Nicht nur Väter sind insgeheim gern gesehen, sondern Eltern im Allgemeinen! Denn vor allem Kinder machen erpressbar! Es hat ja seinen Grund, warum fast alle Comic-Superhelden maskiert sind. ;) Es macht schon Eindruck, wenn der Chef zum Gespräch bittet und so ganz nebenbei darauf hinweist, dass sollte man nicht mehr Engagement zeigen, grade die Kinder unter Hartz IV am Ende ja am meisten leiden zu hätten...!
Natürlich hat das Elterndasein durchaus auch seine für das Unternehmen riskanten Nachteile. Aber dafür hat man ja (vor allem flankiert durch unkritischen »Karriere-Feminismus«) den gewaltigen Komplex mit dem neusprechverdächtigen Titel »Vereinbarkeit von Beruf und Familie« geschaffen! Damit man die Brut immer irgendwo sorgenfrei »parken« kann, wenn man sich im Büro oder im Laden von morgens bis abends abhetzt. Ergänzt von zig »Freizeitangeboten« für die Kinder nach der Schule (Vereine, Musikunterricht, Sport etc.). Ich hab heute generell eh den Eindruck, dass sich ganze »Familien« selbst kaum noch länger sehen als 1 oder 2 Stunden am Tag; davon, sich mit dem anderen auch wirklich zu befassen ganz abgesehen...
Was da dann am Ende in gesellschaftlicher und auf lange Sicht hinten rauskommt...!?
@Dennis82
Ach was. Das sind eben die Kollateralschäden für eine produktive Post-Wachstumsgesellschaft. Was wären wir denn nur ohne Leistung, Produktivität und Exportweltmeister-Titel? Richtig, ein afrikanisches Dorf. Immer diese deutschen Jammerlappen. tzetze. :kicher:
@Epikur
Dazu paßt, dass die Bevölkerungsmehrheit einfach ausblendet, dass alles von Menschen gemacht wird — in den jeweiligen Parlamenten — Politik eben.
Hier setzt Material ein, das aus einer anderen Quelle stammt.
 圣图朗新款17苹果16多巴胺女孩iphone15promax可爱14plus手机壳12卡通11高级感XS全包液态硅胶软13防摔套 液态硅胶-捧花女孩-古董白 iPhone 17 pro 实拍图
Ich hab’s mal außerhalb des Internets versucht mit dem Thema, dass mich derzeit, als direkt Betroffenen, ärgert, dem Mißbrauch der Leiharbeit durch Zeitarbeitsunternehmen.
Aussage das Zuhörers:
»Laß uns nicht über Politik reden«, und weiter Fußball gucken.....
Was daran »Politik« sein soll versteh ich bis heute nicht, denn ich verstehe unter Politik sich über die Politik von SPD, Grünen & anderen Regierungsparteien in Berlin zu ärgern, und nicht ein harmloses Gespräch über den Mißbrauch von Leiharbeit.
Das ist, ergänzend, wohl auch eine Strategie der »Volksverdummung«?
Oder lebe ich in einer anderen Zeit? Früher war Politik eben sich aufregen über Schröder, Kohl, Merkel, Westerwelle, Fischer & Konsorten, aber heute ist alles »Politik«?
Soll heißen:
Man will nicht erörtern, und bezeichnet einfach alles was einem nicht in den persönlichen Kram paßt als »Politik«, sogar eigentlich ganz politikferne Themen werden so zu »Politik«, und über die redet man nicht.....
Das wäre anno 1789 auch leicht gewesen, davon hätte Ludwig XVI, und Marie Antoinette, noch lernen können.
Frei nach dem Motto:
»Das Volk ist am Verhungern?« — ist nicht mein Problem — alles nur »Politik«, und über die reden wir hier nicht in Frankreich....
Zynische Grüße
Bernie
@ Dennis und matrixmann
Wenn man ehrlich zu sich selbst wäre, könnte man es kurz fassen: man ist (war) korrupt und gezwungen seine Komfortzone nicht zu verlassen.
Das ist kein Vorwurf, sondern eine Feststellung. Im Prinzip trifft sie alle, die für Geld arbeiten oder arbeiteten. Ich schließe mich da nicht aus.
Ein Nachtrag (etwa 8 Minuten):
https://www.youtube.com/watch?v=8sP27osECUU
@Peinhart
@R@iner
Dann kann man alle anderen Denkrichtungen gleich mit vergessen. Im sozialen Gedanken gibt es Teile, die den späteren Realkommunismus vorwegnehmen, Marx den Marxismus, die Patrioten den Nationalismus, die Frauenbewegten den Radikalfeminismus, die Konservativen den Rechtskonservatismus ....jede Richtung kennt ihre eigene Entgleisung.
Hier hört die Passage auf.